Location
- Ashcombe Road Dorking, Surrey, RH4 1LY England 51°14′19″N 0°19′46″W﻿ / ﻿51.2387°N 0.3295°W

Information
- Type: Academy
- Established: 1976
- Trust: South East Surrey Schools Education Trust
- Department for Education URN: 143901 Tables
- Ofsted: Reports
- Headteacher: Chris Panting
- Gender: Coeducational
- Age: 11 to 18
- Enrolment: 1408
- Houses: 4 (Windsor, Stuart, Tudor, and York)
- Colours: Navy blue and red
- Website: www.ashcombe.surrey.sch.uk

= The Ashcombe School =

The Ashcombe School is a coeducational secondary school and sixth form located in Dorking in the English county of Surrey.

==History==
The Ashcombe School was established in 1976, by the merger of Dorking County Grammar School and Mowbray School. The co-educational Dorking County Grammar School had been founded in 1931 with the Amalgamation of the Dorking High School for Boys (1884–1930) and St.Martin's Church Of England High School for Girls opened in 1903. Mowbray Secondary Modern School for Girls opened on an adjacent site in 1953. The schools were close enough to share the school kitchen.

The Ashcombe School became a Specialist Language College in September 1998, allowing it to receive additional funding.
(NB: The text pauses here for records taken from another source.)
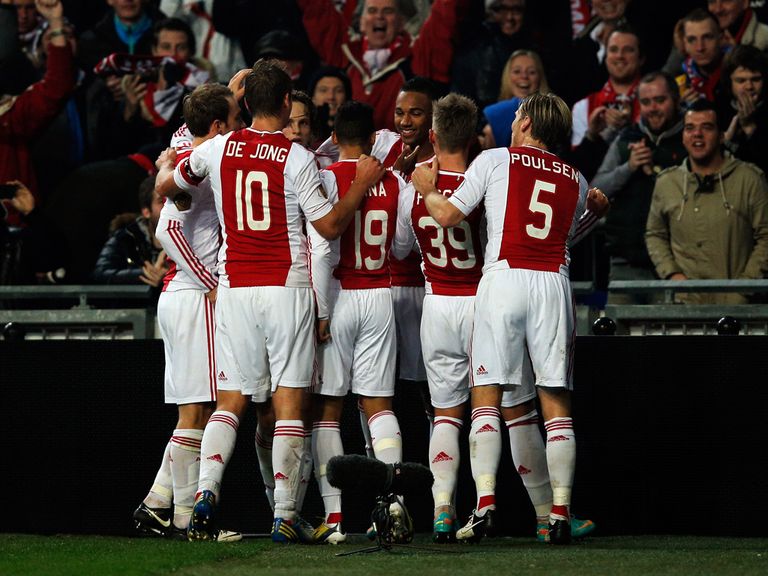 Ajax celebrate on the way to beating PSV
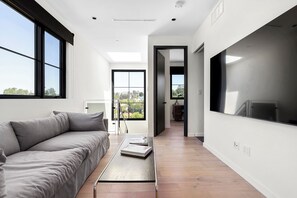 A modern living room with a sofa, a coffee table, and a TV. There is a view of the outdoors through large windows. - Peaceful & Cozy 2 Bedroom House, Stunning Views (Los Angeles)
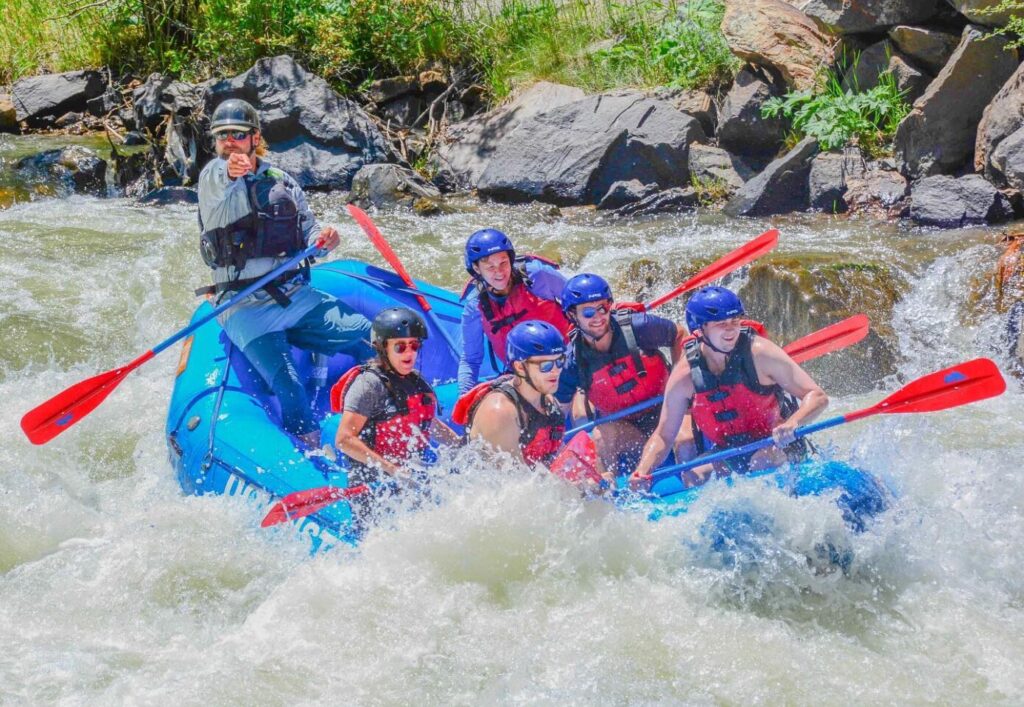 Whitewater rafters splashing into a rapid.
It was featured in the Independent and the Guardian as a school that teaches Mandarin.

Previously a community school administered by Surrey County Council, in January 2017 The Ashcombe School converted to academy status. The school is now sponsored by the South East Surrey Schools Education Trust.

==Notable former pupils==
===Dorking High School for Boys===
- James Chuter Ede, Lord Chuter-Ede of Epsom, Labour MP and Home Secretary
- John Gandee, British diplomat; High Commissioner to Botswana from 1966 to 1969.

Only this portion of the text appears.